Bridging Language and Action: A Survey of Language-Conditioned Robot Manipulation
Xiangtong Yao, Hongkuan Zhou, Oier Mees, Yuan Meng, Ted Xiao, Yonatan Bisk, Jean Oh, Edward Johns, Mohit Shridhar, Dhruv Shah, Jesse Thomason, Kai Huang, Joyce Chai, Zhenshan Bing, Alois Knoll
TL;DR
The paper surveys language-conditioned robot manipulation through a functional taxonomy: language for state evaluation, language as a policy condition, and language for cognitive planning and reasoning. It surveys RL, IL, diffusion-based policies, and neuro-symbolic approaches, highlighting the rise of foundation models (LLMs, VLMs) and VLAs as central enablers, while also addressing data strategies, computation costs, and real-world deployment challenges. Key contributions include a cross-sectional analysis across action granularity, supervision regimes, and evaluation environments, plus a discussion of open problems in generalization, safety, and real-time performance. The survey argues for structured, hybrid, and data-efficient approaches, including cross-embodiment alignment and lifelong learning, to advance robust, scalable, language-grounded robotic manipulation in unstructured real-world settings.
Abstract
Language-conditioned robot manipulation is an emerging field aimed at enabling seamless communication and cooperation between humans and robotic agents by teaching robots to comprehend and execute instructions conveyed in natural language.

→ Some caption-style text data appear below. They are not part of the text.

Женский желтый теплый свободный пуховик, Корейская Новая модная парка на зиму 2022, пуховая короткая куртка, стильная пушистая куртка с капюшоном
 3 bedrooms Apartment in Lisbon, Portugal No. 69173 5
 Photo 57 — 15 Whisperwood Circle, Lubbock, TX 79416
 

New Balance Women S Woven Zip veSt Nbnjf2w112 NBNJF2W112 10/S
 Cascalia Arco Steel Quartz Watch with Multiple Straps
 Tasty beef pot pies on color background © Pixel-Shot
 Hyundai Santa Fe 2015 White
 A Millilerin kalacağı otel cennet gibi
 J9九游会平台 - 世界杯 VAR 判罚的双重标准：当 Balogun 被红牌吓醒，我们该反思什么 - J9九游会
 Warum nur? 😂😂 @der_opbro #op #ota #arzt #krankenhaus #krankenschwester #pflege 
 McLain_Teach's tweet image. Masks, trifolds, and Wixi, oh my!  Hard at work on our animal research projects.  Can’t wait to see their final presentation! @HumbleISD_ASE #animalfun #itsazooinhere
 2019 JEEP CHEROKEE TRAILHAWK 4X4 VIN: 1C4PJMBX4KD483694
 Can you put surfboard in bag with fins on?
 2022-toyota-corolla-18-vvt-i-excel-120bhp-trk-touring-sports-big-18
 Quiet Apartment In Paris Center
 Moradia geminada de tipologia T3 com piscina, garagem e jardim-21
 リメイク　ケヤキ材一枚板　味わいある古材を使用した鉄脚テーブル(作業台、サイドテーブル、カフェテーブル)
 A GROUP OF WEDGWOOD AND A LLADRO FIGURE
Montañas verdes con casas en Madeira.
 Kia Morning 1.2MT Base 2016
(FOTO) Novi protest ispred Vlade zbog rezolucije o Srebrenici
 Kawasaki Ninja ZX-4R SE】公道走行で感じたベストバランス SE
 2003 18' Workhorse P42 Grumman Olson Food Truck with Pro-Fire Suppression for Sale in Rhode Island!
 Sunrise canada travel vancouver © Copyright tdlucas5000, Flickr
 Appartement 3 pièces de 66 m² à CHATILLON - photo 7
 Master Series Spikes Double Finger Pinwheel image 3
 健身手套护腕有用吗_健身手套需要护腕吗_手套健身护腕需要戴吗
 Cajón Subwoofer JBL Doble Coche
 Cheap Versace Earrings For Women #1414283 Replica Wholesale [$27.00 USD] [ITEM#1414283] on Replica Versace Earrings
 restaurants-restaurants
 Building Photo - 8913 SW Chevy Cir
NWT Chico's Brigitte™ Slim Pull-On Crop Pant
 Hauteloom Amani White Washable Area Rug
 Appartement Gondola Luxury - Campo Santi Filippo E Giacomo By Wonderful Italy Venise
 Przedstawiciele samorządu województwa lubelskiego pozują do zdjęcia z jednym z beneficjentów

This interdisciplinary area integrates scene understanding, language processing, and policy learning to bridge the gap between human instructions and robot actions. In this comprehensive survey, we systematically explore recent advancements in language-conditioned robot manipulation. We categorize existing methods based on the primary ways language is integrated into the robot system, namely language for state evaluation, language as a policy condition, and language for cognitive planning and reasoning. Specifically, we further analyze state-of-the-art techniques from four axes of action granularity, data and supervision regimes, system cost and latency, and environments and evaluations. Additionally, we highlight the key debates in the field. Finally, we discuss open challenges and future research directions, focusing on potentially enhancing generalization capabilities and addressing safety issues in language-conditioned robot manipulators.